What the task asks -
The lines below, from the one containing "Camiseta Adulto Tecnic Ulken" through the one containing "IMG_20251024_135316_330", should be set down exactly, with no pictures and nothing else.

Raw data -
====

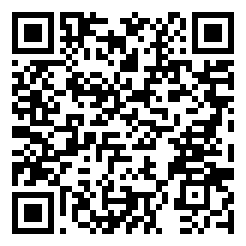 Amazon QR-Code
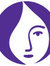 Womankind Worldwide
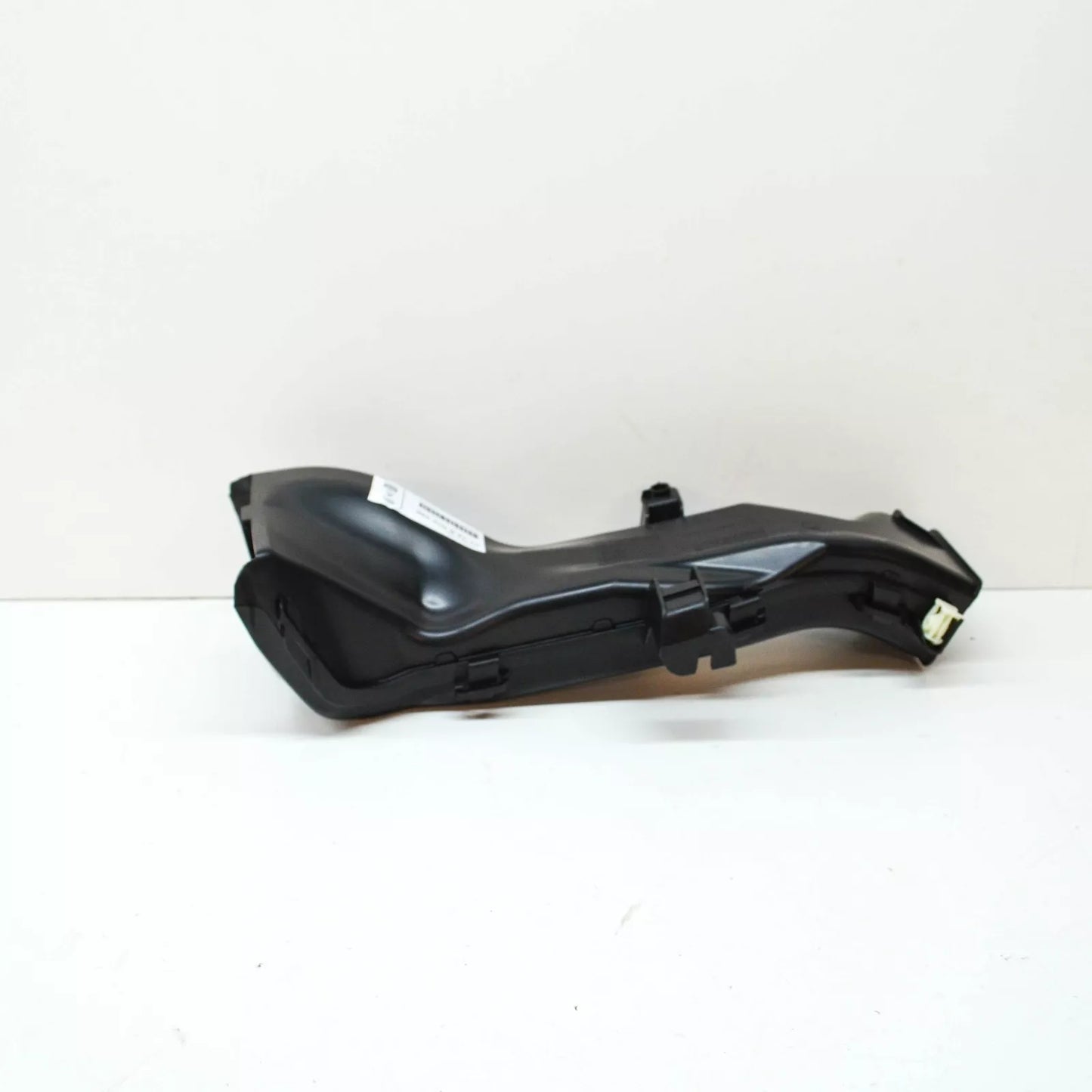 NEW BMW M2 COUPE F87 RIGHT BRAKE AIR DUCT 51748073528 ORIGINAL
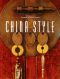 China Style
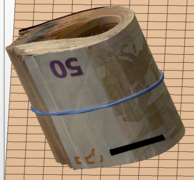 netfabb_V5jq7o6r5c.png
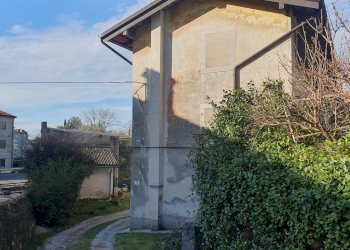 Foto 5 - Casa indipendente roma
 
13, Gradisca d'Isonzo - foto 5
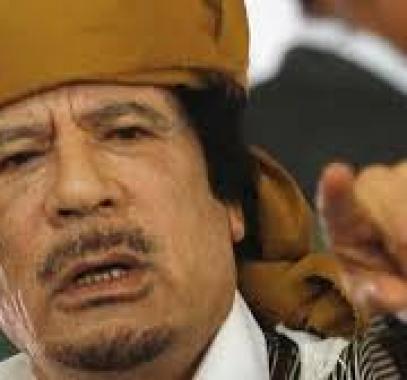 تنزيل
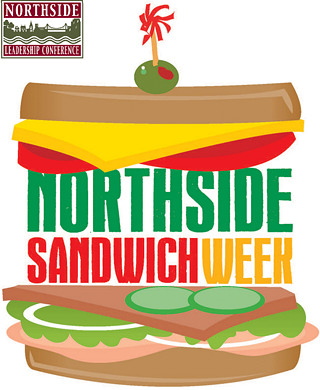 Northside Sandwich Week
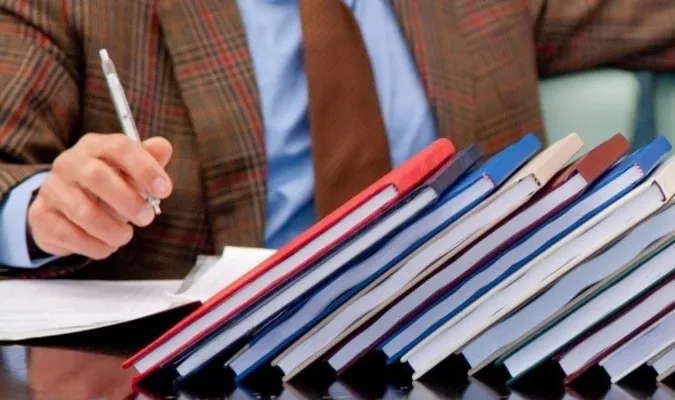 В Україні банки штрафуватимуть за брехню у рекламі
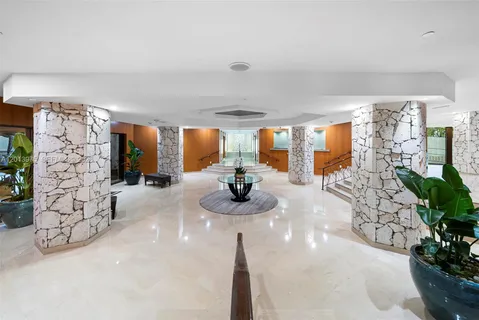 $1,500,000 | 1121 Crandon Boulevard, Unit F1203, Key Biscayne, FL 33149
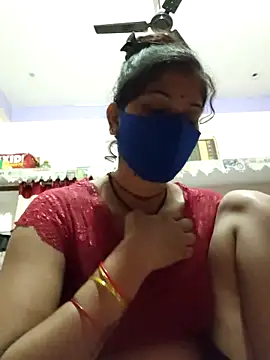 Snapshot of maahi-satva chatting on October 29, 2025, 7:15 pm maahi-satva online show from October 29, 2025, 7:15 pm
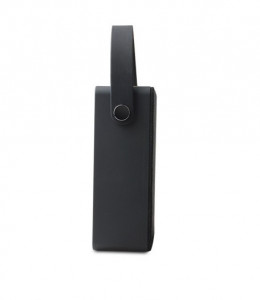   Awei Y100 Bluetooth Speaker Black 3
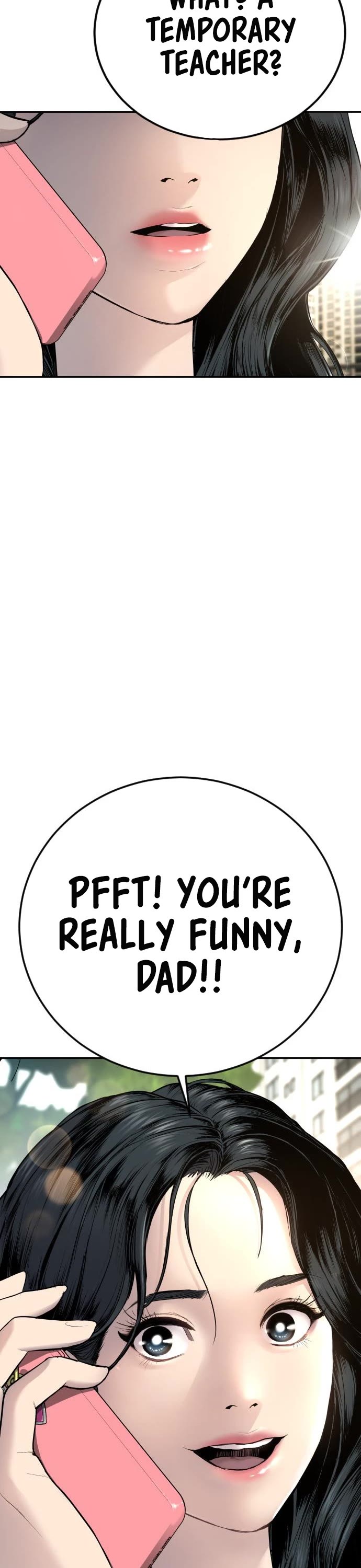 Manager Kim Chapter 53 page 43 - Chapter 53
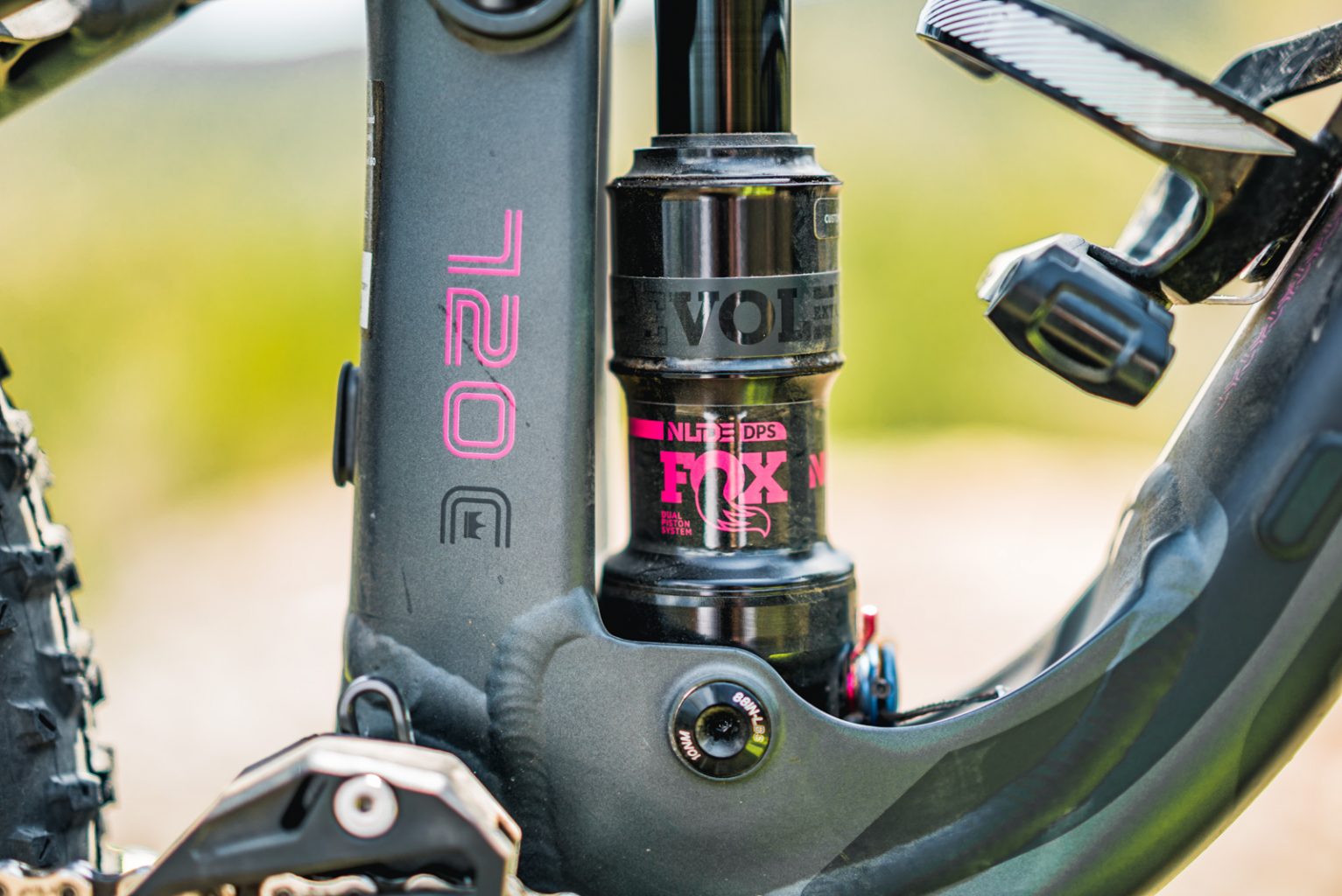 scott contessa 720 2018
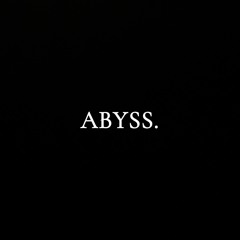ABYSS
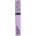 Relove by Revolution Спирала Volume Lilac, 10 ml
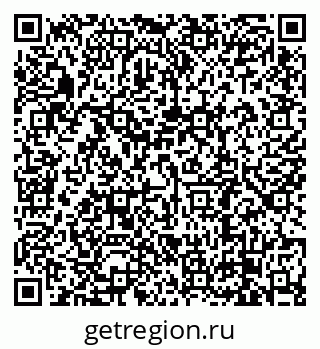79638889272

====

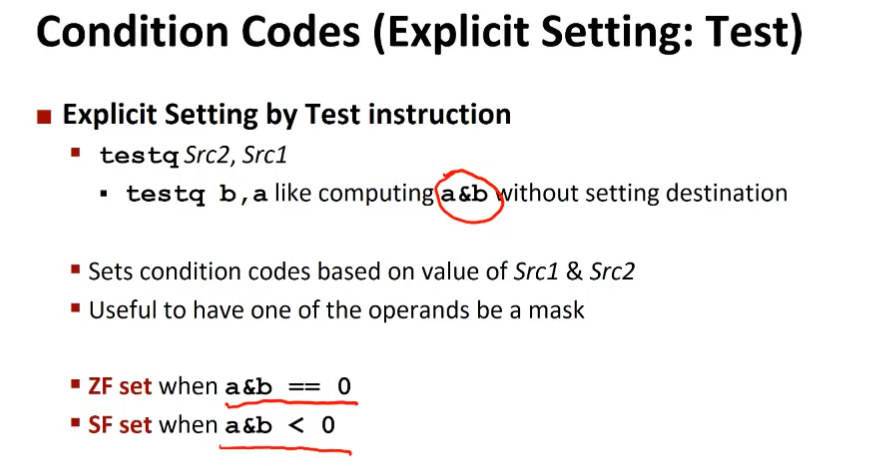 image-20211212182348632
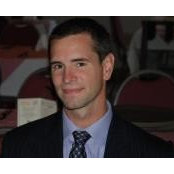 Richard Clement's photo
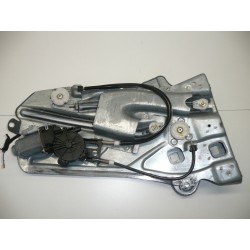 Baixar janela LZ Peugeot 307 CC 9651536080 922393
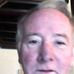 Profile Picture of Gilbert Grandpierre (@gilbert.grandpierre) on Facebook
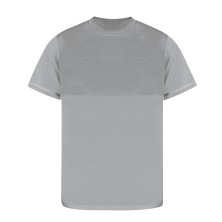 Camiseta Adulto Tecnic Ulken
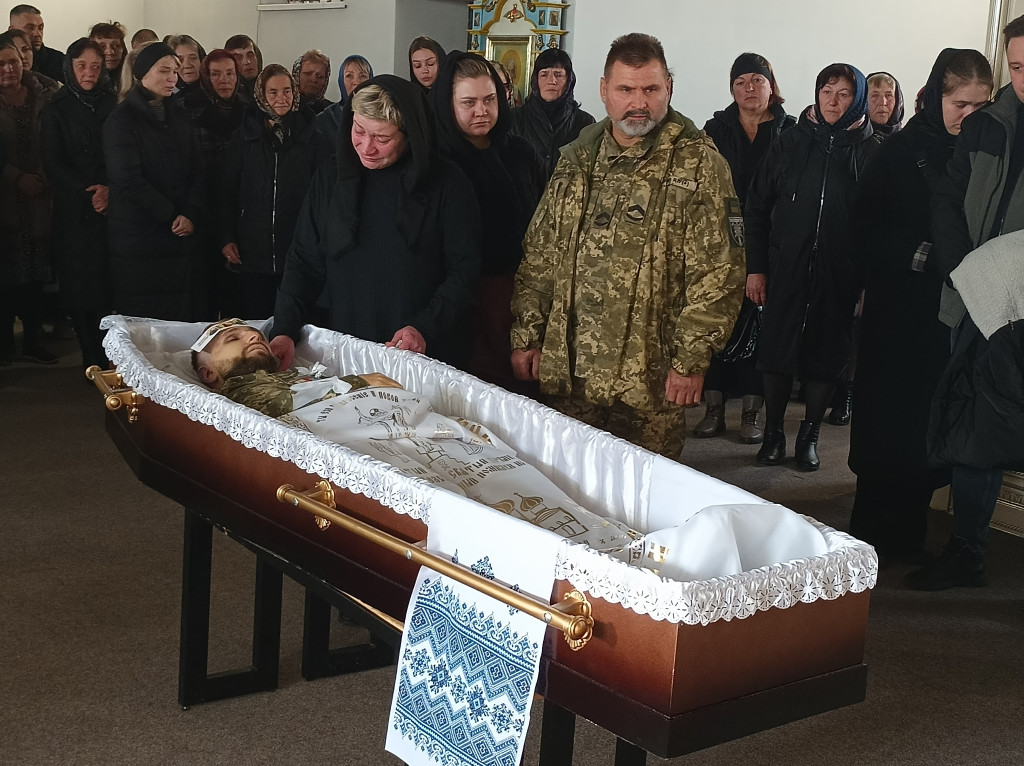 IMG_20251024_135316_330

====

Response to the task -
 Camiseta Adulto Tecnic Ulken
 IMG_20251024_135316_330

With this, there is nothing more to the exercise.